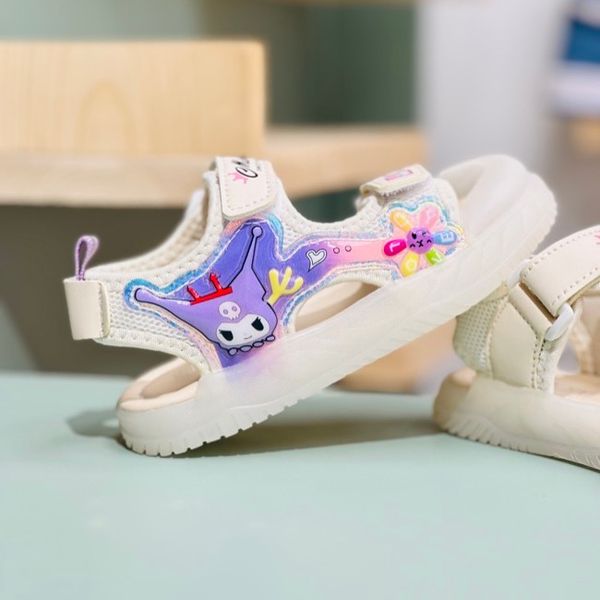 صندل بچگانه طرح کرومی گل برند A+B کد 4022901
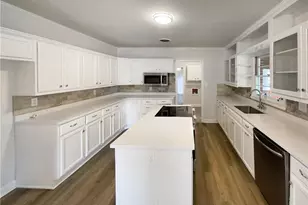 1104 Maple Dr, Griffin, GA 30224 - Photo 6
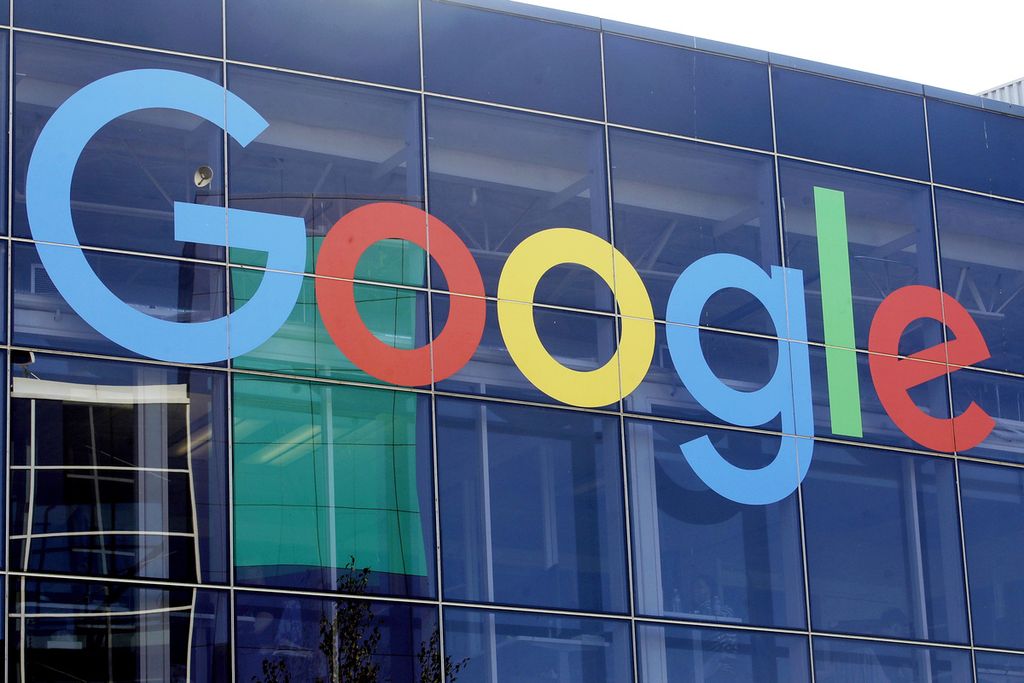  Logo Google terpampang di gedung kantor mereka di Mountain View, Negara Bagian California, Amerika Serikat pada 24 September 2019.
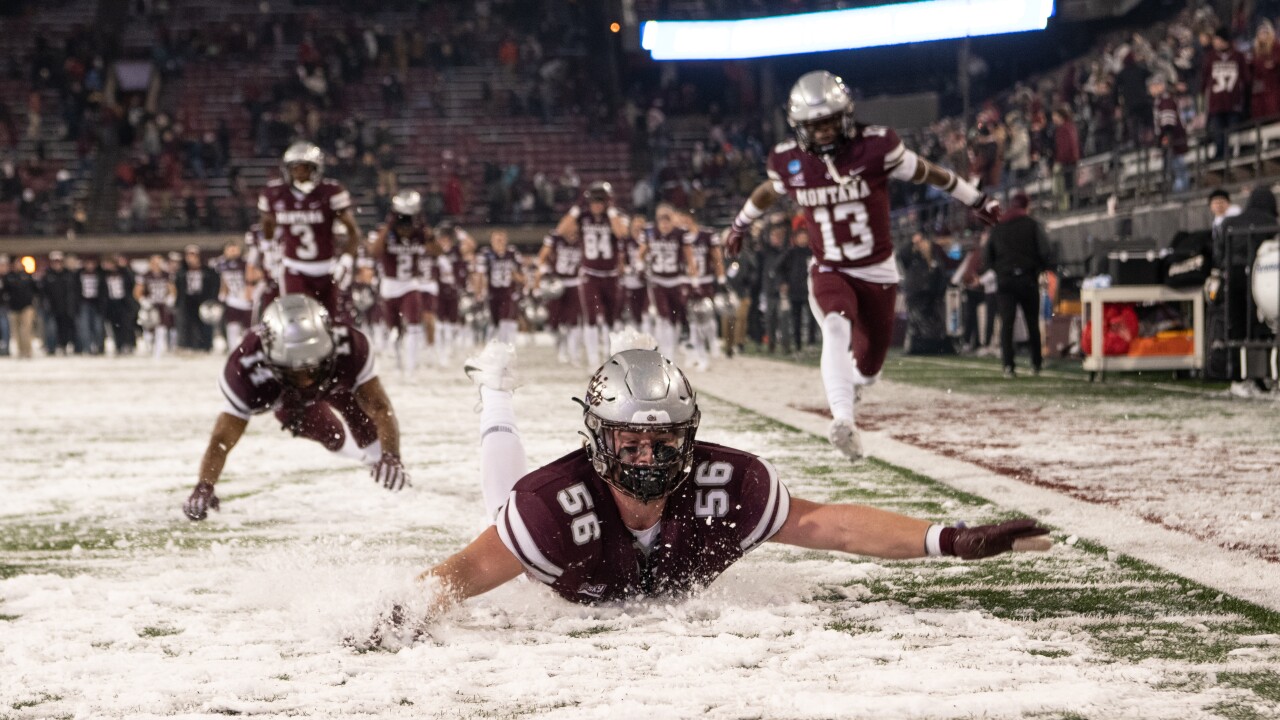 KPAX 12223 GRIZ FB DELAWARE19.jpg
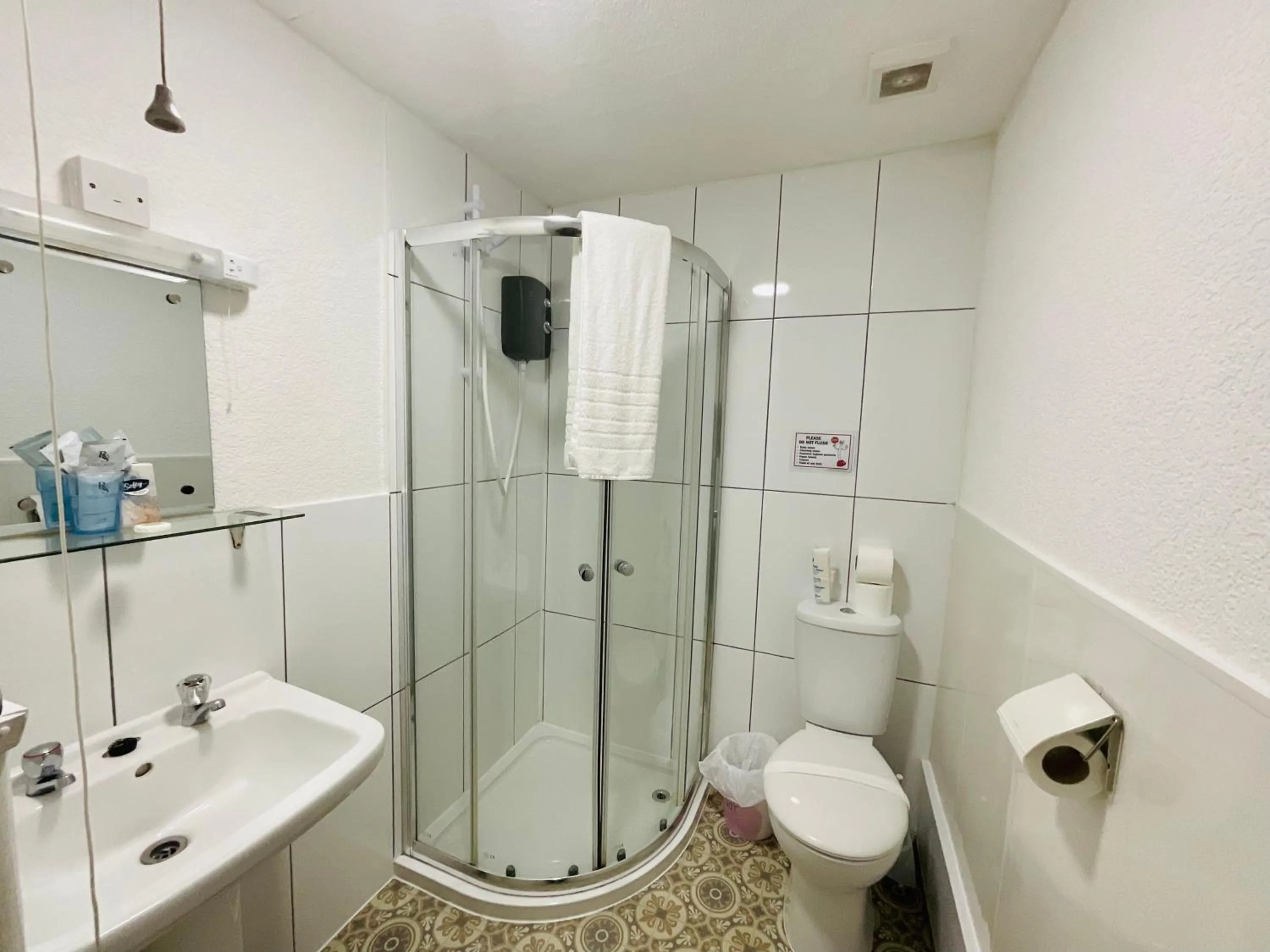 Bathroom in Granville Hotel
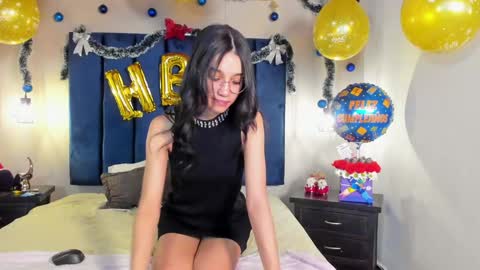 Snapshot of evaanddante chatting on 12.29.24 EvaandDante online show from 12.29.24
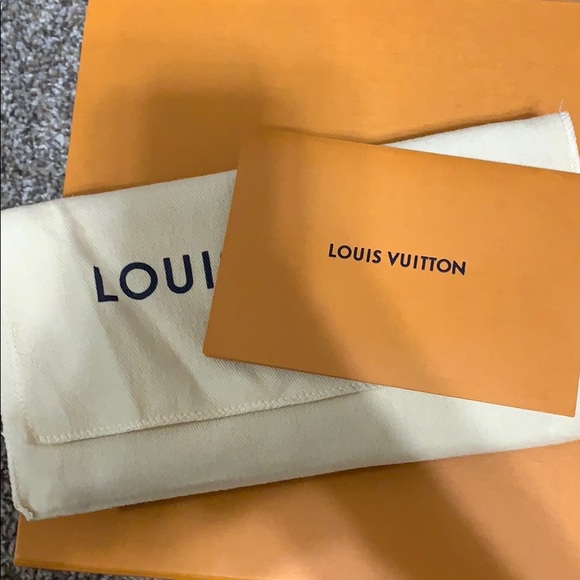 Authentic Louis Vuitton CAPUCINES WALLET - Picture 9 of 9
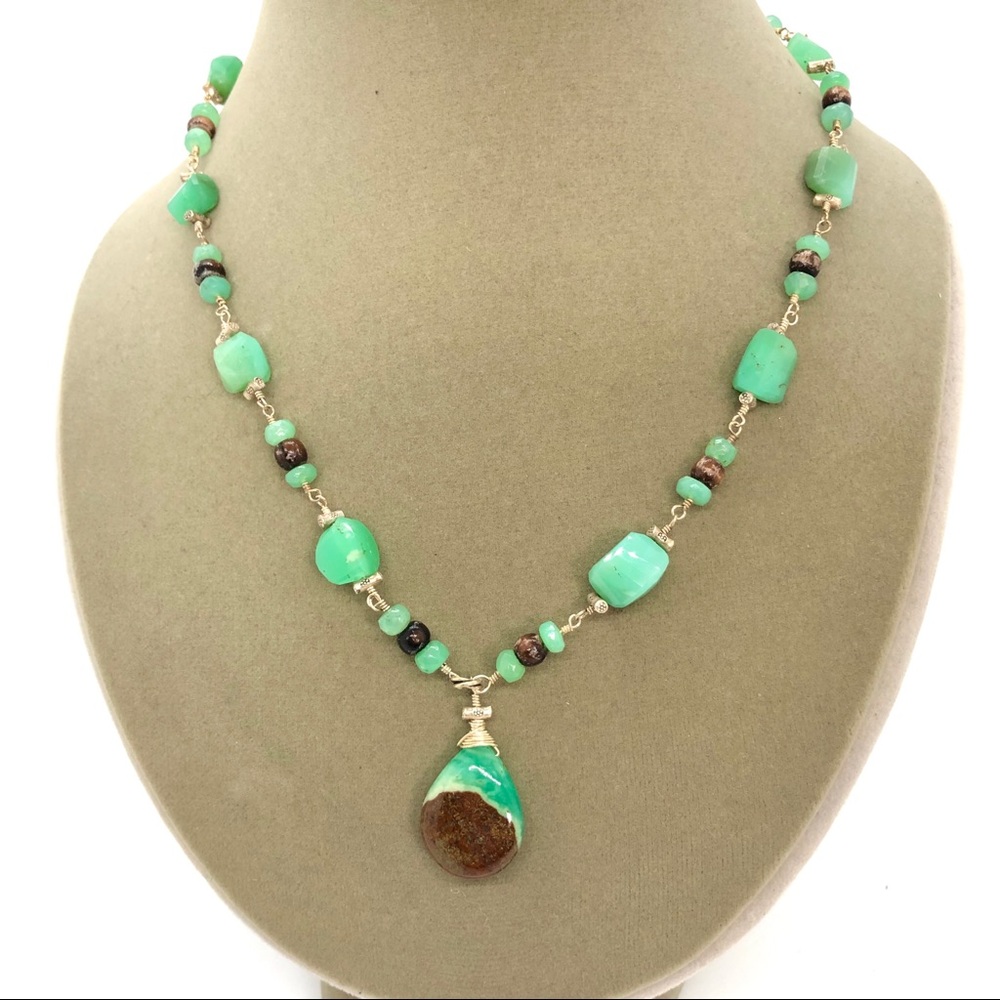 Chrysoprase gemstone necklace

§

__TASK TO COMPLETE__: Exactly as they stand, retype all the entries, but omit the pictures.

__ANSWER BOX__:
 صندل بچگانه طرح کرومی گل برند A+B کد 4022901
 1104 Maple Dr, Griffin, GA 30224 - Photo 6
  Logo Google terpampang di gedung kantor mereka di Mountain View, Negara Bagian California, Amerika Serikat pada 24 September 2019.
 KPAX 12223 GRIZ FB DELAWARE19.jpg
 Bathroom in Granville Hotel
 Snapshot of evaanddante chatting on 12.29.24 EvaandDante online show from 12.29.24
 Authentic Louis Vuitton CAPUCINES WALLET - Picture 9 of 9
 Chrysoprase gemstone necklace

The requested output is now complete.